> [DATASET EXTRACT]:
────────

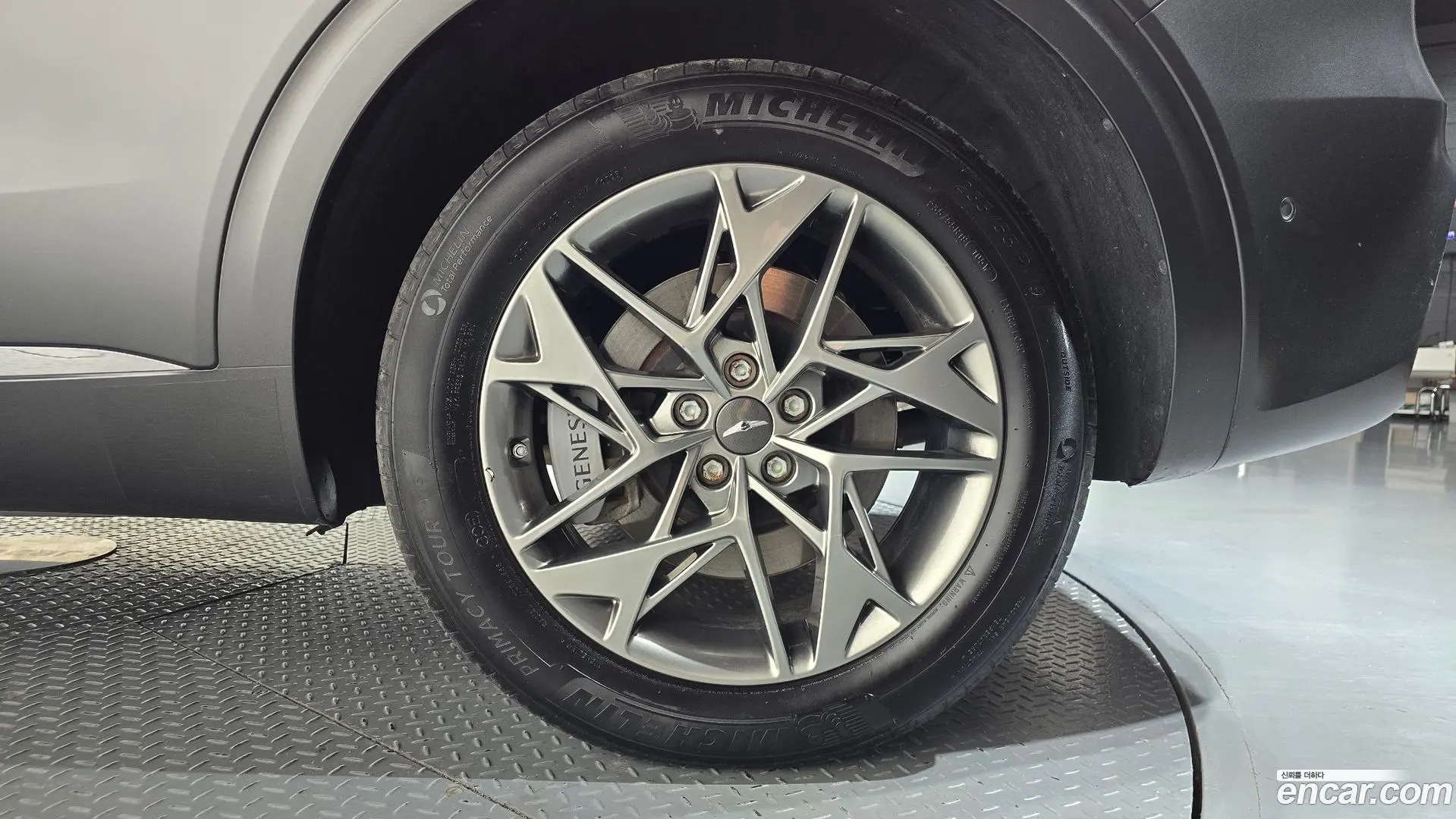 Genesis GV70 2.5T Gasoline 2WD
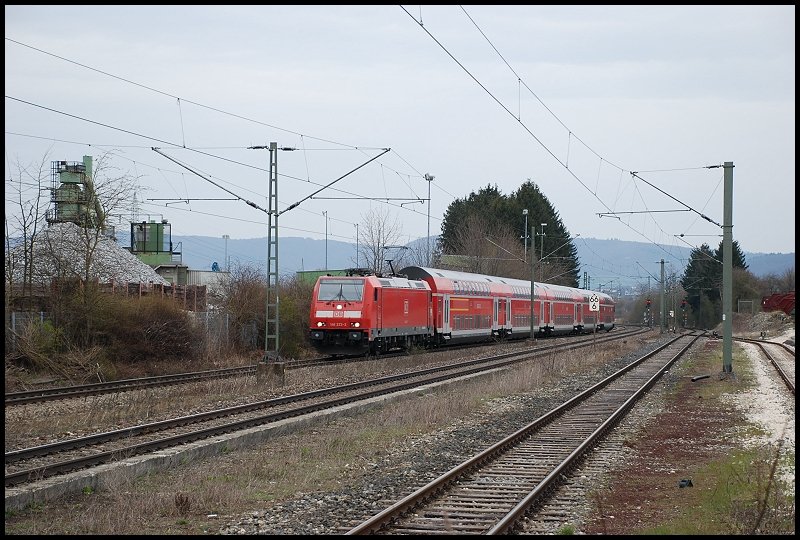 Ein regionalExpress ist auf der Fahrt von Aalen nach Stuttgart Hbf. Aufgenommen am 08.04.08 in Aalen-Essingen.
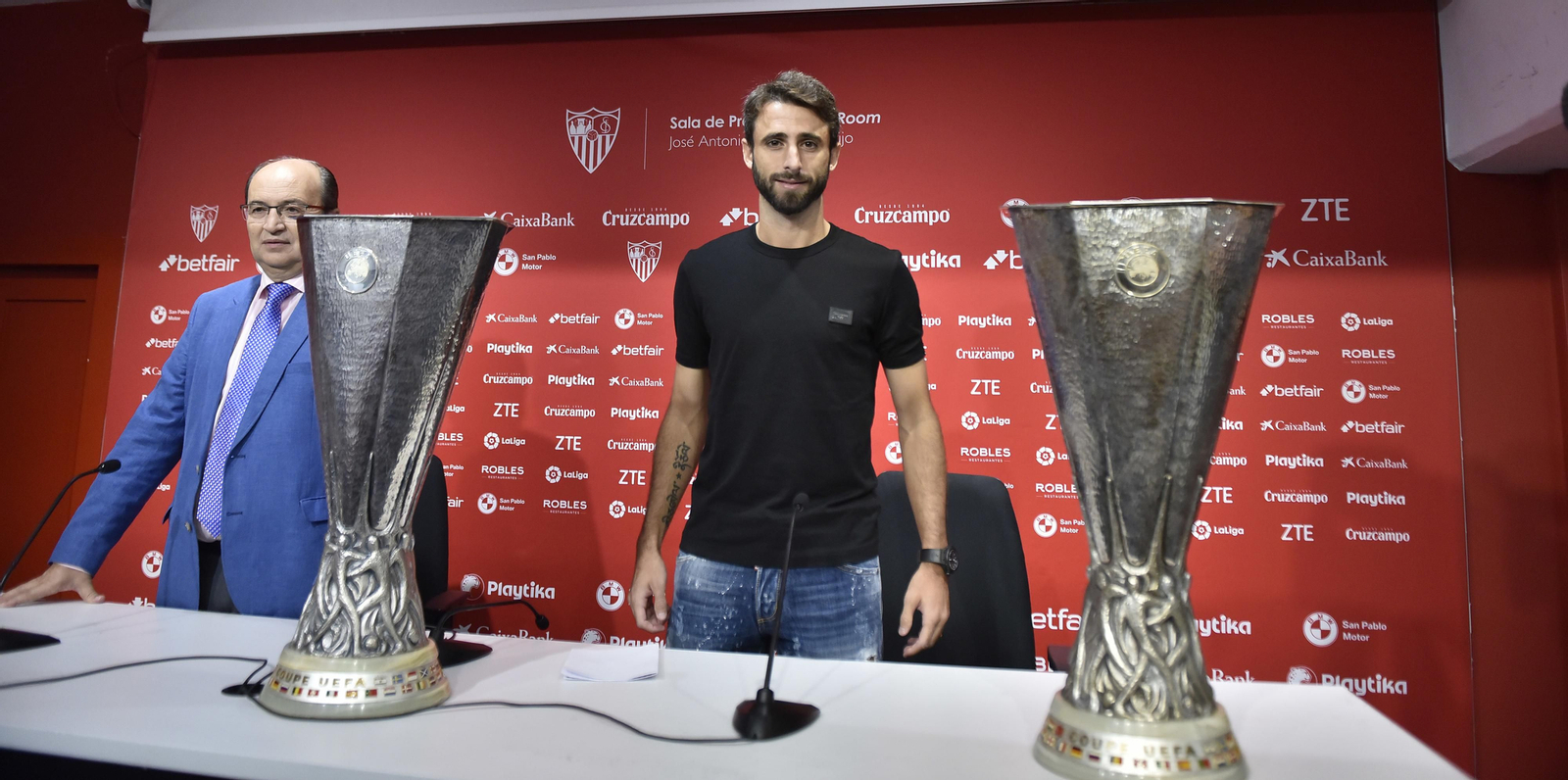 Las imágenes de la emotiva despedida de Nico Pareja del Sevilla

────────

> [PROBLEM DESCRIPTION]:
Reproduce the material word for word, minus the images.

> [OUTPUT OF THE TASK]:
 Genesis GV70 2.5T Gasoline 2WD
 Ein regionalExpress ist auf der Fahrt von Aalen nach Stuttgart Hbf. Aufgenommen am 08.04.08 in Aalen-Essingen.
 Las imágenes de la emotiva despedida de Nico Pareja del Sevilla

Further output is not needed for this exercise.